Give us each day our daily bread.
And forgive us our sins, as we ourselves forgive everyone indebted to us.
And do not bring us to the time of trial.
Remember Jesus’ teaching: “...your Father knows what you need...” Understood less as a collection of things for which God is being asked, and more as a set of affirmative wishes, the text becomes less a laundry list of requests for what can be gotten, and more a series of may-it-be-so blessings for what can be given. In this way, the prayer becomes an open-handed exercise in self-emptying, a letting-go of relentless grasping, for how we want people to understand God, for how we want the world to be, for what we need day-to-day, for personal redemption, for others to be sorry for what they have done to us, for a way out of difficulty. Such a shift in thinking from grasping and asking aloud to gentle cradling and releasing of wishes is the beginning of spiritual maturity.
This approach is not unlike wishes held and directed toward oneself, and a successively more difficult series of others in a Buddhist practice of Lovingkindness meditation: “May you be safe. May you be free from inner and outer harm. May you be healthy. May you be happy...” The purpose of these affirmations is not to make those things happen; the purpose is to generate and cultivate kindness and compassion in the heart and mind of the person engaging in the practice.

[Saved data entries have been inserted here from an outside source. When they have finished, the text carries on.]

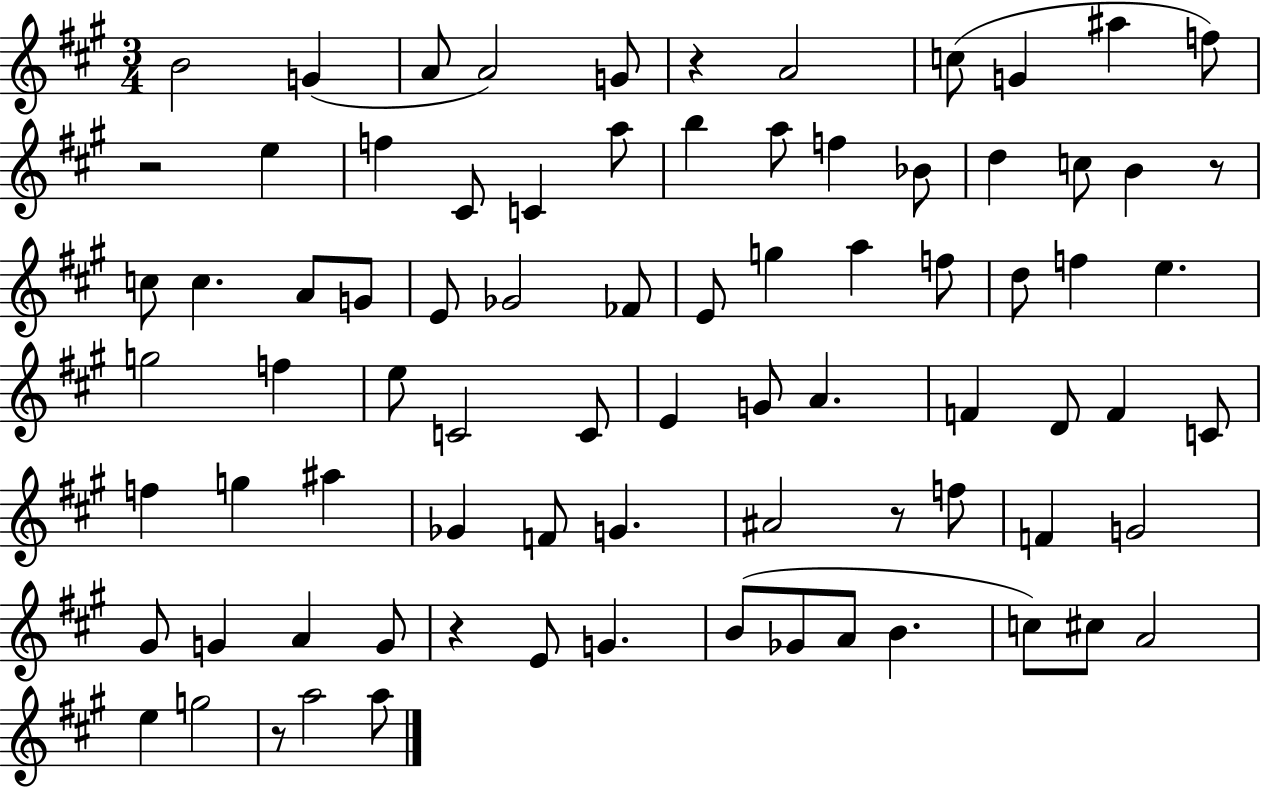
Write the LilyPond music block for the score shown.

{
  \clef treble
  \numericTimeSignature
  \time 3/4
  \key a \major
  \repeat volta 2 { b'2 g'4( | a'8 a'2) g'8 | r4 a'2 | c''8( g'4 ais''4 f''8) | \break r2 e''4 | f''4 cis'8 c'4 a''8 | b''4 a''8 f''4 bes'8 | d''4 c''8 b'4 r8 | \break c''8 c''4. a'8 g'8 | e'8 ges'2 fes'8 | e'8 g''4 a''4 f''8 | d''8 f''4 e''4. | \break g''2 f''4 | e''8 c'2 c'8 | e'4 g'8 a'4. | f'4 d'8 f'4 c'8 | \break f''4 g''4 ais''4 | ges'4 f'8 g'4. | ais'2 r8 f''8 | f'4 g'2 | \break gis'8 g'4 a'4 g'8 | r4 e'8 g'4. | b'8( ges'8 a'8 b'4. | c''8) cis''8 a'2 | \break e''4 g''2 | r8 a''2 a''8 | } \bar "|."
}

And so, it is with one’s approach to Jesus’ way of praying. Centuries of preconceived notions about the nature of prayer and misperceptions about what ‘the Lord’s prayer’ is about have downgraded Jesus’ suggested model for contemplative prayer from a maturing, strengthening form of spiritual practice to a self-satisfyingly pietistic list of requests in the context of rote liturgical recitation. But the very fact that Jesus sought to get away from the noise and bustle of crowds and the distraction of his disciples to pray is a strong indication that he was engaging in a contemplative practice requiring quiet stillness, and calm, disciplined focus.
This would have been a meditative practice that cultivated equanimity, peace, and compassion in the face of spiritual and material poverty and indifference; the violent empires of this world; concern over one’s own needs; guilt over one’s regrettable thoughts, words, and misdeeds; mistreatment by others; and fears over what the future may hold. Jesus’ words are meant to help release what we cannot change or control, thereby making us more like Jesus, more like the Divine in whose image our true selves are ever being created.

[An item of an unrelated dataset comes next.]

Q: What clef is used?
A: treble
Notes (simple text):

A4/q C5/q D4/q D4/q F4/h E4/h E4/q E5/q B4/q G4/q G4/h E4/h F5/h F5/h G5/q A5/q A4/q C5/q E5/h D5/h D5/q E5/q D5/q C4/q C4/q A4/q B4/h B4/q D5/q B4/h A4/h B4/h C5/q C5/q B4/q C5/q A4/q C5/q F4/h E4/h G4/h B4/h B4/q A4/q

A similar instruction from Jesus on prayer occurs in the sixth chapter of Matthew. In this version, Jesus is not responding to an inquiring disciple after having been observed praying; rather, his suggestions are given as part of his Sermon on the Mount to the disciples. It includes some additional lines and embellishments. He has just told them when they pray not to make a public spectacle like hypocrites in the synagogues and on the street corners, nor to be wordy like gentiles. He continues:
Do not be like them, for your Father knows what you need before you ask him. Pray in this way:
O Our Father in the heavens:
May your name be holy.
May your empire come.
May your will come about; as in heaven, so also on the earth.
May you: Give us today our daily bread.
And forgive us our debts, just as also we release our debtors.

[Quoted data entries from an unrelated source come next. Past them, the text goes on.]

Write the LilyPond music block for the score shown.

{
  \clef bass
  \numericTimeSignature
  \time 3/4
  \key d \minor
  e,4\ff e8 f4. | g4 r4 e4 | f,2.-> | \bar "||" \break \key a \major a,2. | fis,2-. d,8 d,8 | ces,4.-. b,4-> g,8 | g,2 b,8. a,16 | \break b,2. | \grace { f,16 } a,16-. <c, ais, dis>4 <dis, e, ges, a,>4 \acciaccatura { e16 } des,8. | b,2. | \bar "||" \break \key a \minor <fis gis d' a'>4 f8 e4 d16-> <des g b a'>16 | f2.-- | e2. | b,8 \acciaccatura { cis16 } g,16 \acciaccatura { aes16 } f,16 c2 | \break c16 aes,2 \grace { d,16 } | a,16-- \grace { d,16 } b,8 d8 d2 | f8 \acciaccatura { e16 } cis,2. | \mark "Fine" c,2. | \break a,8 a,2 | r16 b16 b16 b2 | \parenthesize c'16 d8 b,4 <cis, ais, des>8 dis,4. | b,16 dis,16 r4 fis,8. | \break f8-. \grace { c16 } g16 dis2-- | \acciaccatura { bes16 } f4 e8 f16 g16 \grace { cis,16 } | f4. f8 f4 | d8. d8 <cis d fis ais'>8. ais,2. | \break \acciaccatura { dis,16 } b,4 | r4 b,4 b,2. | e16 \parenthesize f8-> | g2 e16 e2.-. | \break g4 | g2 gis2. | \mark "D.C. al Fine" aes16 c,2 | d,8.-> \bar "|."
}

And not bring us into a time of trial, but deliver us from what is evil.
As with the version from Luke, this is aptly understood as a meditation for cultivating a peaceful, open heart in the face of the cares, preoccupations, and evils of this world.
After the Luke version comes Jesus’ parable about a man’s persistence in asking his friend for bread to give his guests. This is clearly about persistence in the practice of prayer. Following that is the famous ‘ask, seek, knock’ sequence, and not giving a child a stone if he asks for bread. Jesus is teaching his followers that their Father will give them good things if they persist in the practice of meditative prayer. The same sayings are found in Matthew. The parable about the judge and the persistent widow in Luke 18 also has the same application. Keep up a disciplined practice and the results will follow.